Ce vendredi soir, une dizaine de membres de l’association Osez le Féminisme 57 organisent leur deuxième campagne d’affichage sauvage dans les rues de Metz contre les violences faites aux femmes. Le phénomène a été inspiré par Marguerite Stern, une ancienne Femen dont les collages, devenus viraux sur les réseaux sociaux, ont été repris dans toute la France. Des phrases claires toujours, des messages chocs souvent, qui ne laissent pas indifférents.
Un air d’“Omar m’a tuer”
Sur leur passage, certains riverains s’arrêtent, interpellés par l’agitation. Quand, pour Clara « ça sensibilise forcément », pour François « Ça fait penser à “Omar m’a tuer”, ça choque ». « C’est bien, ça ne me dérange pas, vous avez tout à fait raison », les encourage Christophe devant “Stop féminicides”, fraîchement posé. Comme beaucoup d’hommes croisés ce soir-là, il ne se sent pas directement concerné par ces alertes. Il espère cependant que cela puisse faire changer les mentalités, « en particulier faire comprendre aux femmes concernées que ce qu’elles subissent n’est pas normal ». Depuis le début de l’année, 140 femmes ont perdu la vie sous les coups de leur compagnon. « Dans mon entourage, les violences commises envers les femmes sont quotidiennes. C’est incroyable : viol, sexisme, attouchements dans les lieux publics… », constate Julie.
Pascale est directement touchée par ces revendications. « Il y a deux ans, une jeune femme de 29 ans a été tué par son compagnon. Elle avait porté plainte plusieurs fois, mais il n’y avait pas eu de suite. C’était ma voisine. Le procès se tient en ce moment », se remémore Pascale, émue. De l’avis commun, la loi protège trop peu les victimes. Pascale ne tergiverse pas : « Je pense que c’est à l’État de faire quelque chose ». Symboliquement, le groupe se dirige vers le tribunal de Metz et affiche l’avertissement “Plaintes ignorées, femmes tuées”.
Un combat mixte
« On fait ça pour toutes les femmes et pour tout le monde en général », approuve Eva, l’une des membres de l’association, qui ne comprend pas les doutes. Car des dubitatifs, il y en a. Ce soir-là, Virginie, employée dans le secteur médical, interrompt son chemin pour discuter avec les militantes. Elle aimerait que des actions de plus grandes ampleurs soient mises en place : « Les affiches sont trop petites, on ne les voit pas ». « Moi, si j’avais 20 ans je serai un peu plus violente », provoque la quinquagénaire.

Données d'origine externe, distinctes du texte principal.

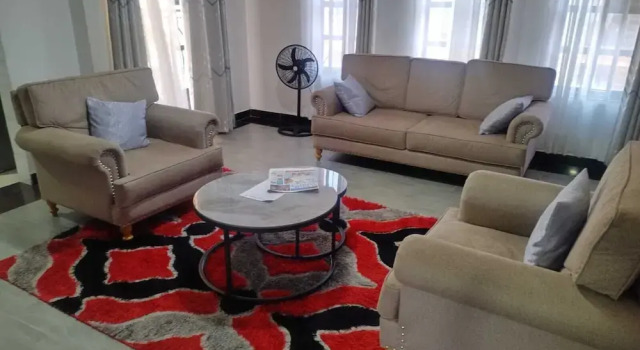 Апартаменты Comfort Nati Apartments Kisumu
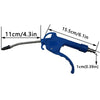 High-Flow Pneumatic Air Blower Gun
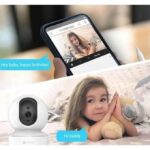 Caméra Ezviz H6C PRO 1080P Wi-Fi panoramique intelligente – Image 6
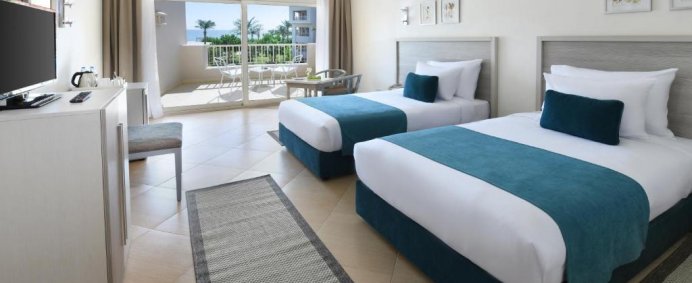 Hotel SOLYMAR SOMA BEACH 4* - Hurghada, Egipt. - Photo 12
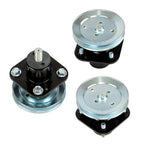3 × Lawn Mower Spindle Assembly For Ariens 915161 25HP Kohler Zoom 50" 51520900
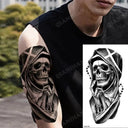 Waterproof Tattoo Sticker for Festivals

Devant les derniers coups de pinceau de la soirée, elle conseille aux activistes de ne pas stigmatiser les hommes. Eva et Julie, présentes ce soir-là, soutiennent sa position. Elles sont aussi membres des Racolleuses. Il s’agit d’une autre association féministe qui recouvre nouvellement les murs de Metz. Leur objectif ? Mobiliser les forces, et non les diviser avec des slogans mixtes : “Le féminisme n’est pas contre les hommes, c’est contre le sexisme.”
Le réflexe à avoir : s’adresser à la Fédération Nationale Solidarités Femmes directement au numéro unique 3919.

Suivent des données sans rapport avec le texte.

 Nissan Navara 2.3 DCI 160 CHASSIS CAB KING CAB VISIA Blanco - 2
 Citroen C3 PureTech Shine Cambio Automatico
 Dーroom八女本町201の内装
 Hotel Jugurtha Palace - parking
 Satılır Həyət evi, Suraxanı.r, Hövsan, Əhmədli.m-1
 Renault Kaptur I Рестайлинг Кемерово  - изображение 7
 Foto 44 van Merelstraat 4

Isabelle Hautefeuille et Ana Gressier
140 femmes tuées sous les coups de leur compagnon depuis le 01/01/19.
Au cours de sa vie :
1 femme sur 26 est violée.
1 femme sur 7 est agressée sexuellement.
Parmi les femmes qui ont subi au moins un viol ou une tentative de viol dans leur vie, 56% l’ont vécu avant 18 ans. (enquête Virage, 2016)
91% des victimes sont des femmes.
99% des violeurs sont des hommes.
97% des agresseurs sont des hommes. (observatoire contre les violences à l’encontre des femmes, 2016)
Ce que dit la loi :
Le viol est un crime passible d’une peine de 15 à 30 ans d’emprisonnement ou perpétuité en cas de torture ou de barbarie.
L’agression sexuelle est un délit passible d’une peine de 5 à 10 ans d’emprisonnement, 75 000 à 100 000€ d’amende.
Le harcèlement sexuel est un délit passible d’une peine de 2 à 3 ans d’emprisonnement, 30 000 à 45 000€ d’amende.